(Short web captions)
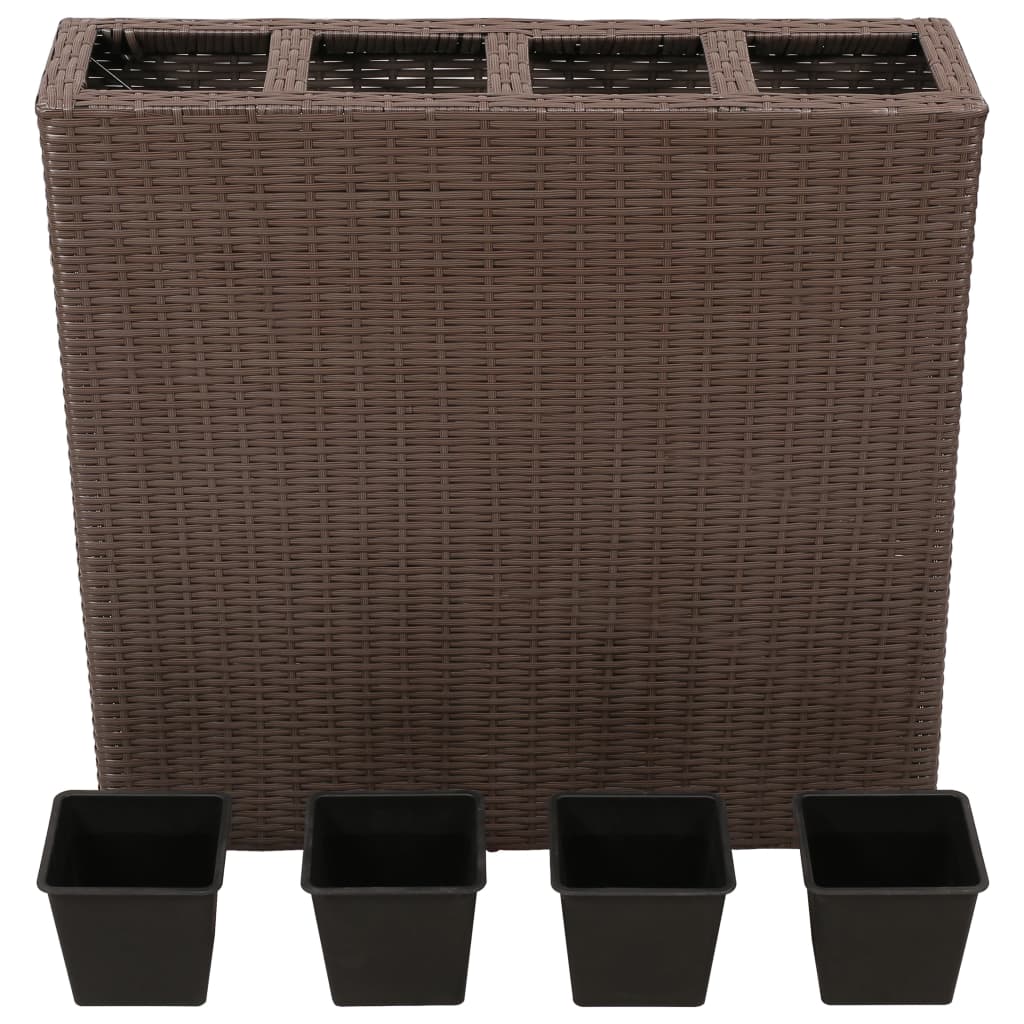 Plantenbak Verhoogd Met 4 Potten 2 St Poly Rattan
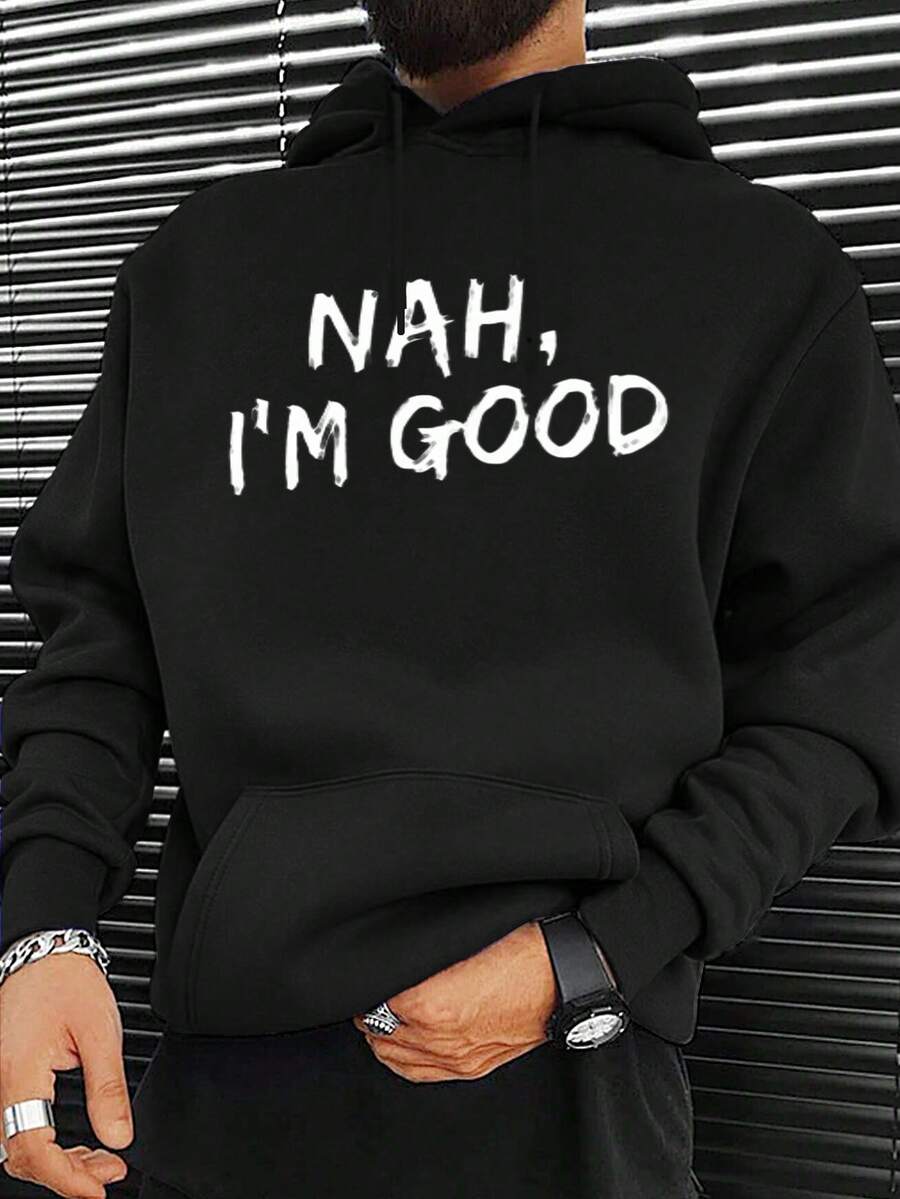 Men's 'No, I'm Fine' Graphic Hoodie - Loose Casual Pullover With Front Pocket Design, Black And White Letter Print, Comfortable Casual Street Style For All Seasons, Funny Slogan Gift For Men And Teens (Machine Washable) - Fashion Statement Clothing, Bold 'No. I'm Fine" Print, Loose Fit, Digital Printing Technology, Versatile Layering Casual Wear - màu đen - Xem 1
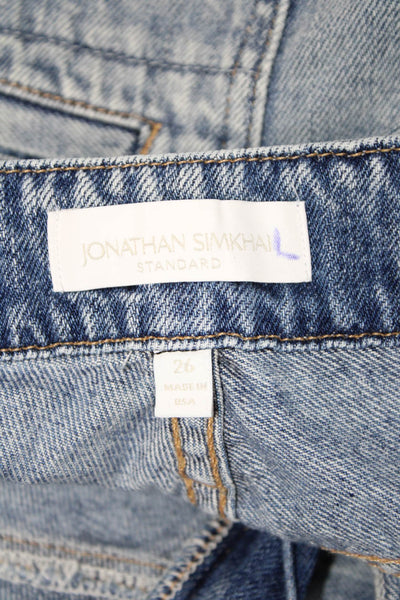 Jonathan Simkhai Unisex Cargo Shorts Blue Organic Cotton Buckle Size 26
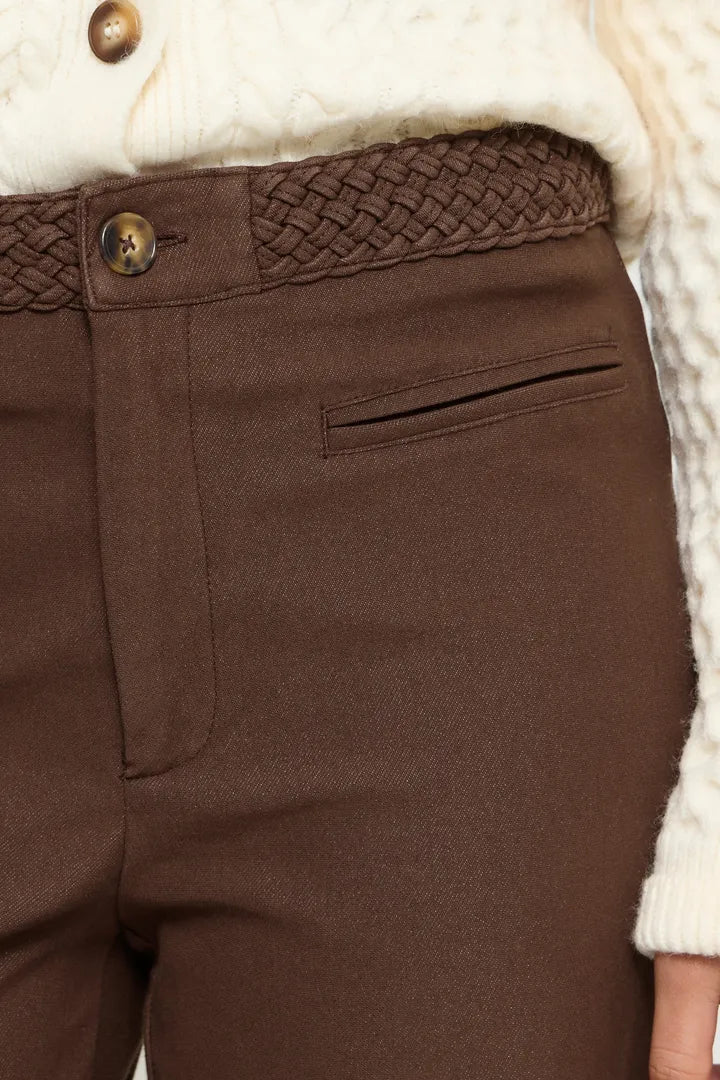 ICHI Kate Denim Trousers - Coffee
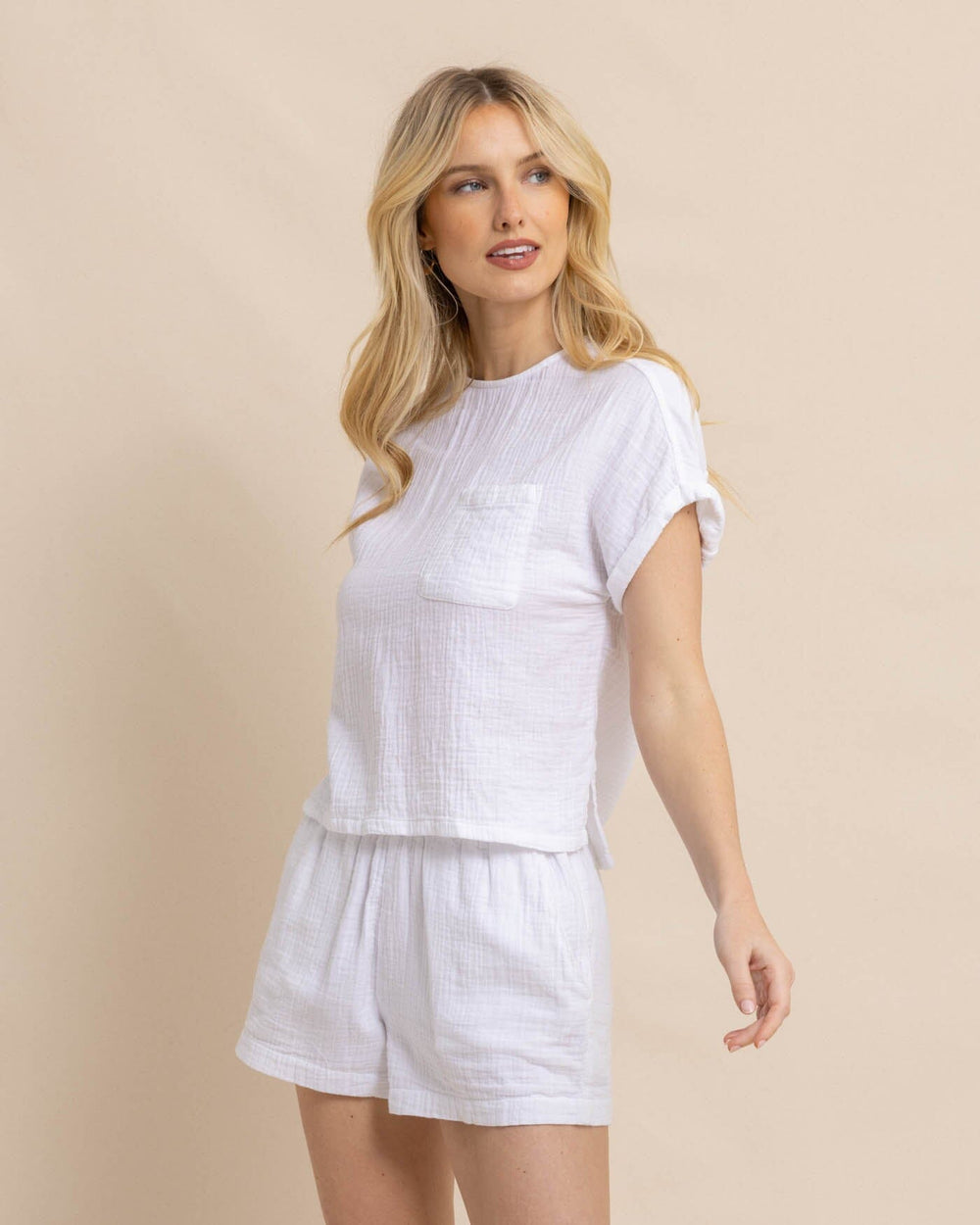 The front view of the Southern Tide Imogen Double Cloth Top by Southern Tide - Classic White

REQUIRED WORK => Here the lines from the one with "ICHI Kate Denim Trousers - Coffee" through the last line of the data above need to be repeated exactly, both included, and any picture omitted.

OUTPUT =>
 ICHI Kate Denim Trousers - Coffee
 The front view of the Southern Tide Imogen Double Cloth Top by Southern Tide - Classic White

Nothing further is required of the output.